Since the past few days, we heard a lot about WannaCry, a massive ransomware campaign hitting computer systems of hundreds of private companies and public organizations. Like everybody, company or simple citizen, at DenyAll we are actively following the cyberattack using the ransomware named WannaCrypt and affecting worldwide organizations.
What happened ?
The WannaCry ransomware is using the Windows Server Message Block (SMB) vulnerability that was exploited by NSA since many years through a payload (attack pattern) named EternalBlue from the Shadow Brockers leak. This exploit takes advantage of a remote code execution vulnerability in Windows Server Message Block (SMB) server found in almost all Windows operating systems (OS).
In just a few hours, the ransomware targeted over 45,000 computers in 74 countries, including United States, Russia, Germany, Turkey, Italy, Philippines and Vietnam, and it is just the beginning.
Common attacks vectors
The most common ways that a malware can reach an endpoint device are the following:
- Spam emails
- Infected removable drives
- Bundled with other software
- Hacked or compromised websites
- Other malware
On these vectors, traditional anti-virus, anti-spam and Web (outgoing) proxies would be the most appropriate protection.
Attacking your website
Malwares can also reach the internal network via uploads (or injections) in one of your websites. In this scenario, Web Application Firewalls (WAF) come in.
To avoid this type of attack, we recommend you set a WAF in front of your websites with the last (up to date) security patterns that block all kind of injections and attacks.
You may as well leverage the IP reputation feed (integrated from Webroot) that lets you reject any request coming from the TOR network, often used to anonymize the WannaCrypt attack.
Finally, you can avoid basic upload of infected files by having all uploaded files analyzed by your enterprise anti-virus engine (using the ICAP protocol from the WAF).

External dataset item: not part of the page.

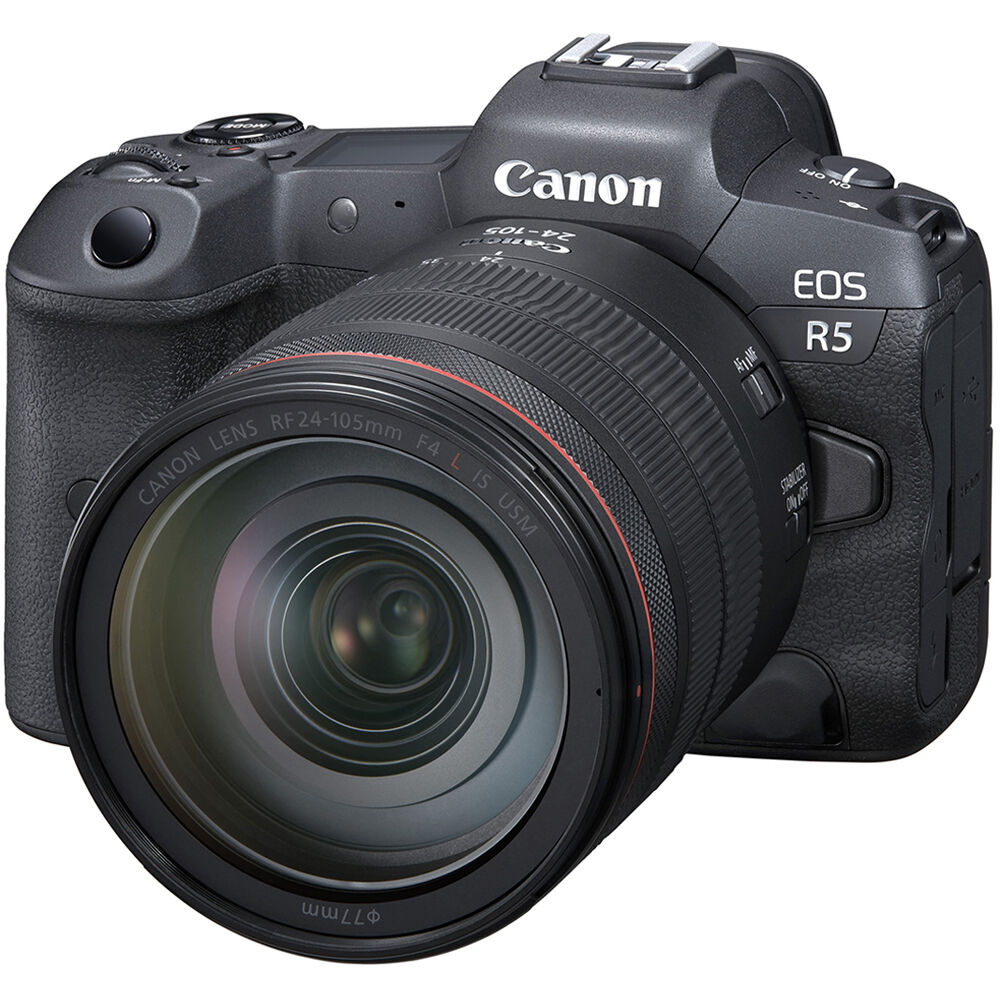 Cámara Digital Canon EOS R5 Mirrorless Full Frame 45MP 8K - vista lateral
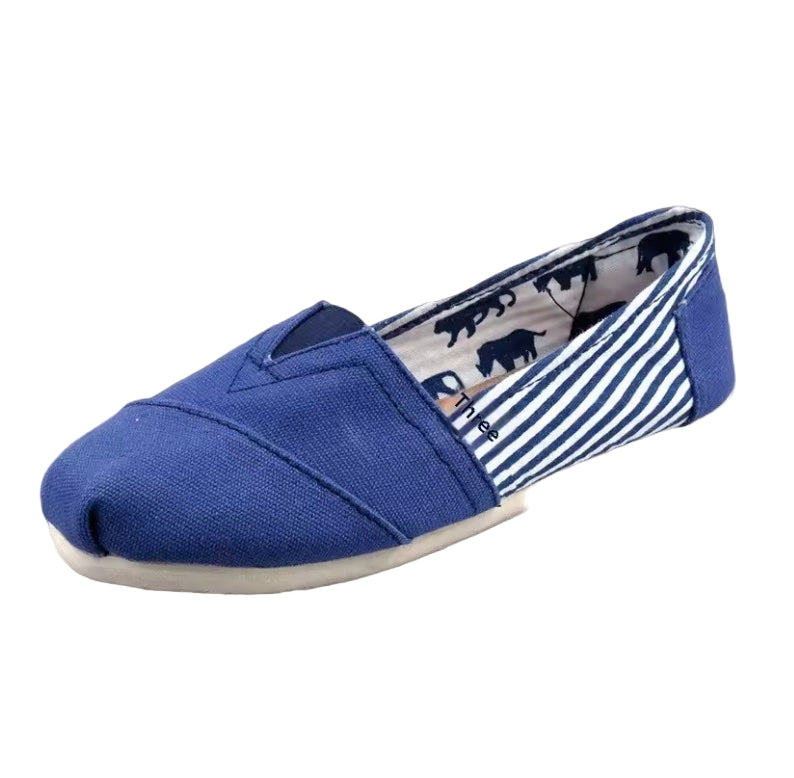 Zapatillas de lona unisex color sólido de estilo casual tipo alpargata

Securing your endpoint devices
In both cases, as the final target of the attack is the endpoint device, we recommend you protect your enterprise devices with a solution like Browser in the Box providing a shielded virtualized browser that may be used to access external Internet websites.
This solution will protect the host device from any malicious website affecting the virtualized browser, blocking any possible propagation. Furthermore, restarting Browser in the Box restores a clean environment.
Scanning your devices for vulnerabilities
Last but not least, we recommend you schedule scans through our product DenyAll Vulnerability Manager in order to check that all assets (desktops and servers) are patched.
Specifically, DenyAll Vulnerability Manager provides a couple of tests to identify that the MS17-010 patch (fixing the vulnerabilities that are exploited by WannaCrypt to spread over your infrastructure) is correctly installed.